The family constituted by marriage and/or children

The European Convention on Human Rights (the Convention) protects “private and family life” in the same provision (Article 8), along with the home and correspondence. However, the Court has progressively distinguished the protection of private life from that of family life. Private life is a broad concept which does not lend itself to an exhaustive definition. The essential goal of the protection afforded by it is to protect the individual from the arbitrary interference of the authorities and it may in addition create positive obligations inherent in an effective “respect” for private life (Olsson v. Sweden, No. 10465/83, 24.03.1988). As for the protection of family life, it focuses primarily on the relationship between children and their parents. According to the traditional case law of the Court, the right to respect for family life “presupposes the existence of a family” (Marckx v. Belgium, No. 6833/74, 13.06.1979, § 31) or of a potential relationship that could have been developed, for example, between a natural father and a child born out of wedlock (Nylund v. Finland, No. 27110/95). Thus, the Court considered that in the absence of marriage it is the existence of a child which was constitutive of family life (Johnston v.
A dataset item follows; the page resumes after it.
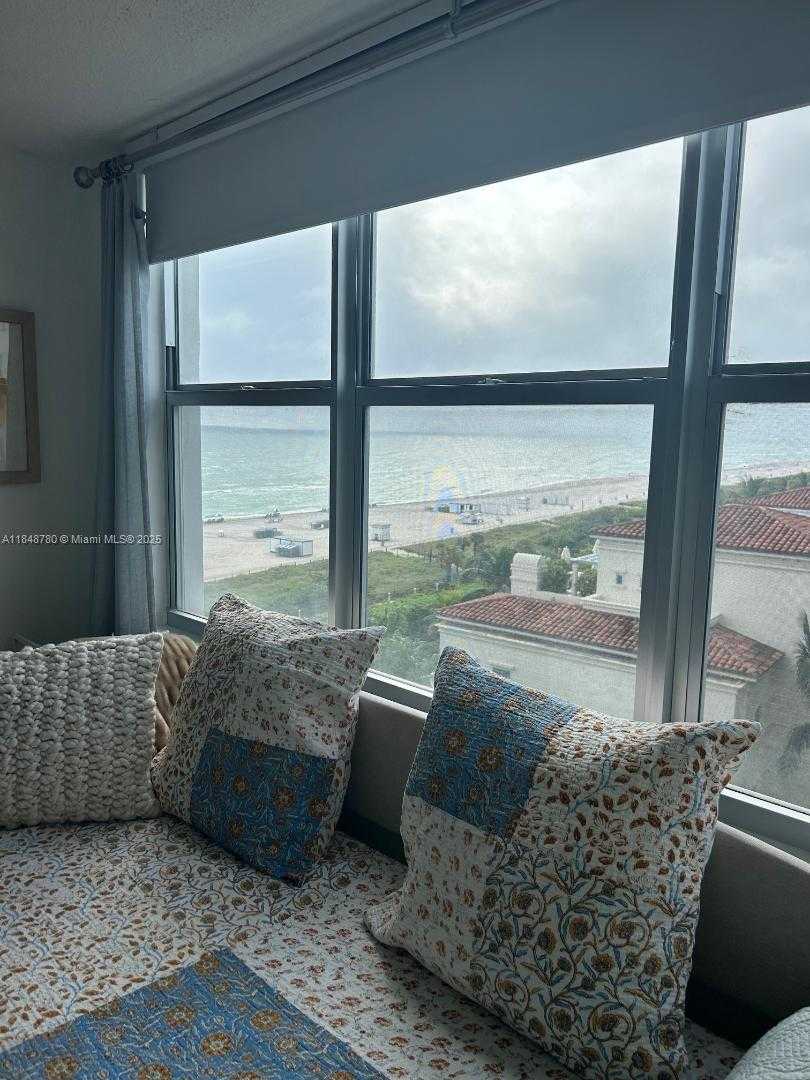 Small Image of 6039 COLLINS AVE #826, Miami Beach Number 4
Ireland, No. 9697/82, 18.12.1986). Unmarried couples without children could not claim the benefits of the protection afforded to families (Elsholz v. Germany [GC], No. 25735/94, 13.07.2000).

Similarly, the Universal Declaration of Human Rights protects each person against “arbitrary interference with his privacy, family, home or correspondence” as well as against “attacks upon his honour and reputation” (Article 12).
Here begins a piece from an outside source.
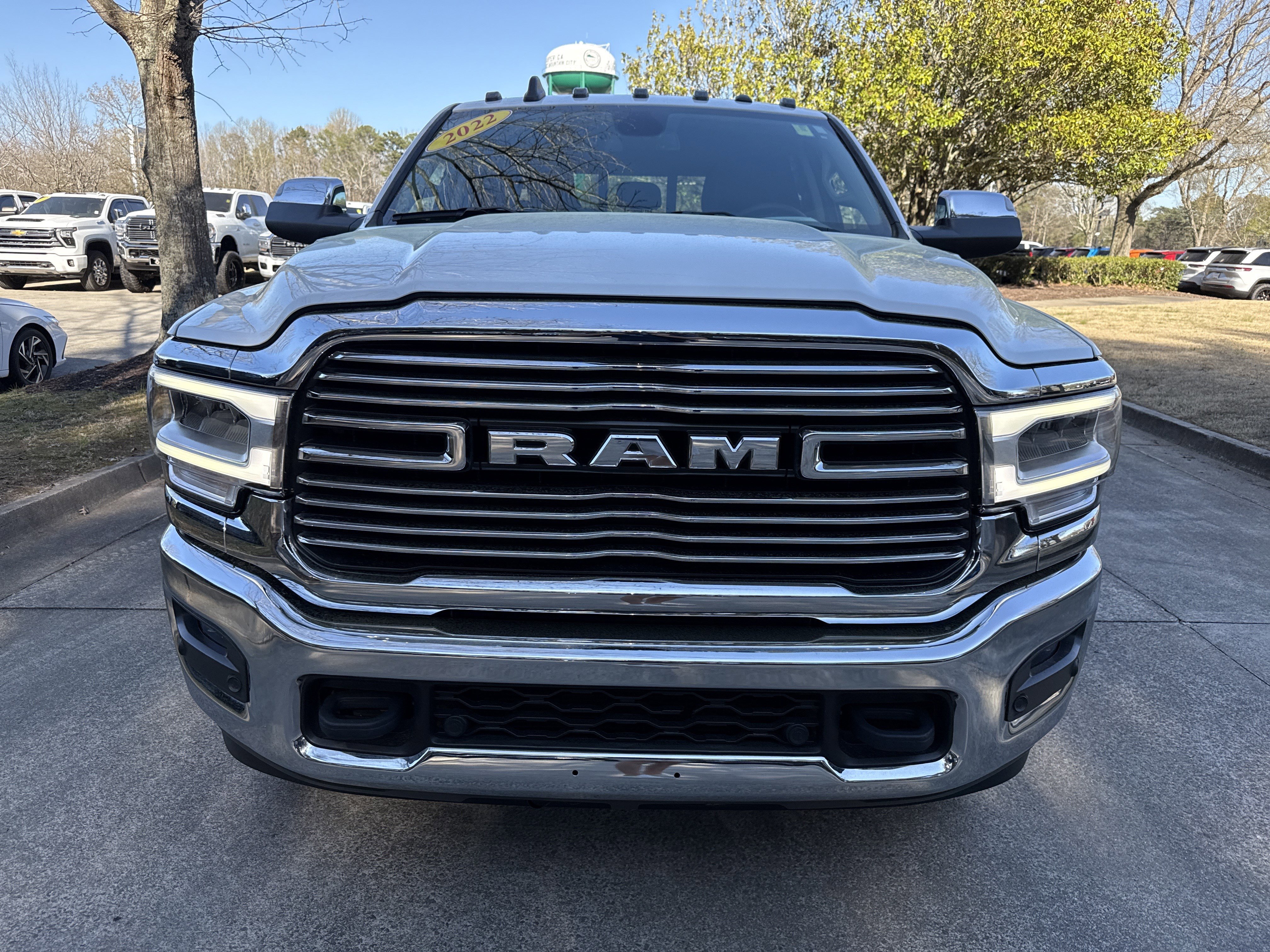 Used 2022 RAM 3500 Laramie video 2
As was solemnly stated in various international instruments, the family is recognised and protected as a “fundamental group of society and the natural environment for the growth and well-being of all its members and particularly children” (Preamble to the Convention on the Rights of the Child). The protection does not target the couple but the family which “is entitled to protection by society and the State” (Article 16§3 of the Universal Declaration of Human Rights and 23§1 of the International Covenant on Civil and Political Rights) “while it is responsible for the care and education of dependent children” (Article 10§1 of the International Covenant on Economic, Social and Cultural Rights). In fact, the recognition given by society to the couple results from its contribution to the common good through the foundation of a family; not by the existence of feelings between those constituting the couple which comes within the scope of private life.

While the Court has long retained this natural understanding of the relationship between the family and society, the evolution of morals has led to the reconstruction of this relationship. Certainly, the emergence of “LGBT rights” has actively contributed to the upheaval of the legal understanding of the family. However, the cause of this upheaval is more to be seen in the emergence of a right to the social recognition of emotional relationships and marriage, conceived as an autonomous value, like an individual freedom independent of its social purpose, which is now the foundation of the protection of the family.
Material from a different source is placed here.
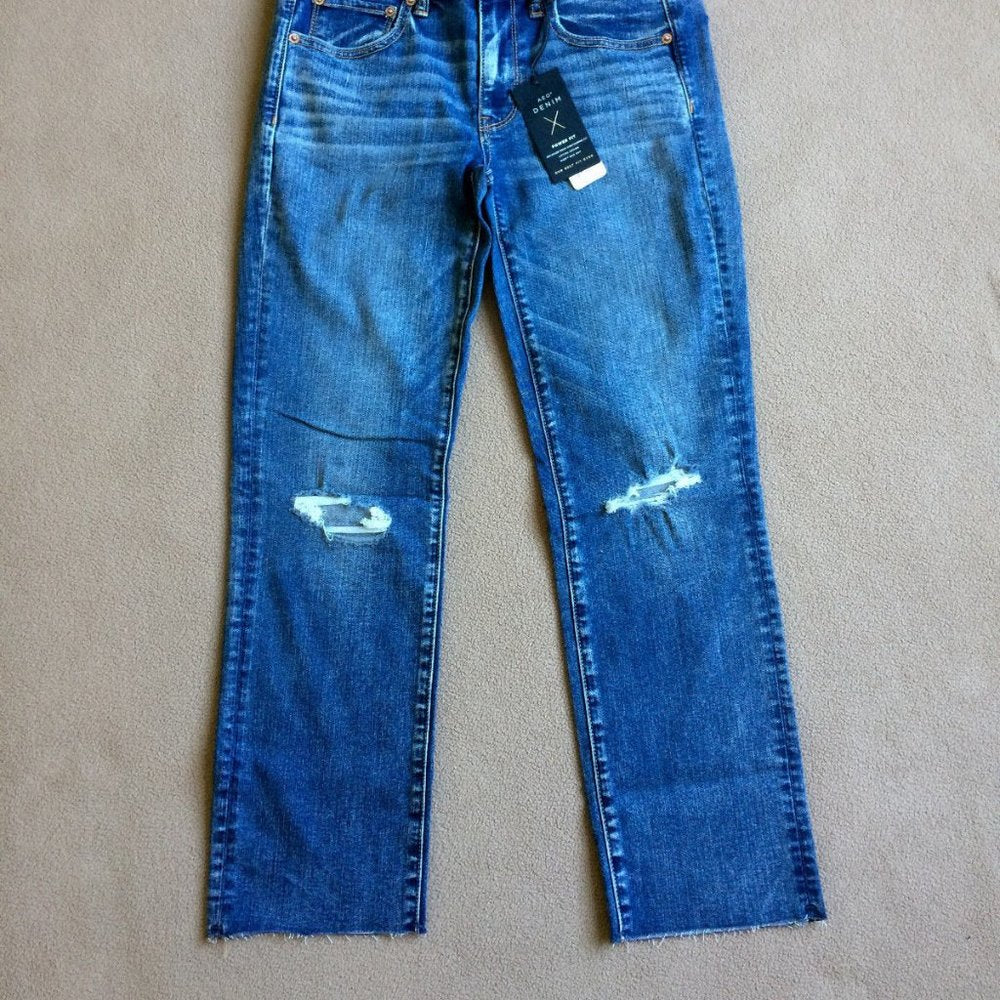 AEO Women's Straight Crop Stretch Jeans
“LGBT rights”: from private to family life

The history of the case law on “LGBT rights” is in part the story of the passage from protection under private life to protection under family life. Even though, initially, the Court accepted the criminalisation of homosexual relations (e.g. Dec. ECHR No. 104/55, 17.12.1955, No. 7215/75, 7.07.1977), it subsequently considered that ultimately these relations should be ignored by the law and are covered by the protection granted to private life. Thus the Court censured interferences of the State, particularly those concerning the criminalisation of homosexual relations between adults (Dudgeon v. UK, No. 7525/76, 22.10.1981). It is only in combination with the principle of non-discrimination, in comparison with heterosexual persons or couples that the invocation of the protection of private life made it possible to protect the rights of homosexual persons. For example, it was thus used in the allocation of parental authority (da Silva Muta v. Portugal No. 33290/96, 21.12.1999) or in the authorisation to adopt children (Fretté v. France, No. 36515/97, 26.02.2002). In the case of Kerkhoven and Hinke v. Netherlands (No. 15666/89, 19.05.1992), the Commission refused to equate a stable relationship between two women and a child born to one of them to family life, only granting this relationship the protection of private life.                                                     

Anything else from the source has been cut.